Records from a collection
————————

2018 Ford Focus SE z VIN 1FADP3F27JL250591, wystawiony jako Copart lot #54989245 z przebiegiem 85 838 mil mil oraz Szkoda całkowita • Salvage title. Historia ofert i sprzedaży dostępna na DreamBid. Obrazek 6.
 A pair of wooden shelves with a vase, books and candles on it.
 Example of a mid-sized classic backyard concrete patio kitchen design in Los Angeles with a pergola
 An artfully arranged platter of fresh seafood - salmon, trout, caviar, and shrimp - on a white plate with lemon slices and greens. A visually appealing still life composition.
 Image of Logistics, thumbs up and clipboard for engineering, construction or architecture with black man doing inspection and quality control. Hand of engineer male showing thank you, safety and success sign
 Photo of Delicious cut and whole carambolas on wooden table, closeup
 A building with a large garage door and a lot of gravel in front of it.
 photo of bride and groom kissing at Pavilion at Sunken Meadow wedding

————————

What to work on
Restate the records above in full, keeping each line exactly as it stands.

Task answer
2018 Ford Focus SE z VIN 1FADP3F27JL250591, wystawiony jako Copart lot #54989245 z przebiegiem 85 838 mil mil oraz Szkoda całkowita • Salvage title. Historia ofert i sprzedaży dostępna na DreamBid. Obrazek 6.
 A pair of wooden shelves with a vase, books and candles on it.
 Example of a mid-sized classic backyard concrete patio kitchen design in Los Angeles with a pergola
 An artfully arranged platter of fresh seafood - salmon, trout, caviar, and shrimp - on a white plate with lemon slices and greens. A visually appealing still life composition.
 Image of Logistics, thumbs up and clipboard for engineering, construction or architecture with black man doing inspection and quality control. Hand of engineer male showing thank you, safety and success sign
 Photo of Delicious cut and whole carambolas on wooden table, closeup
 A building with a large garage door and a lot of gravel in front of it.
 photo of bride and groom kissing at Pavilion at Sunken Meadow wedding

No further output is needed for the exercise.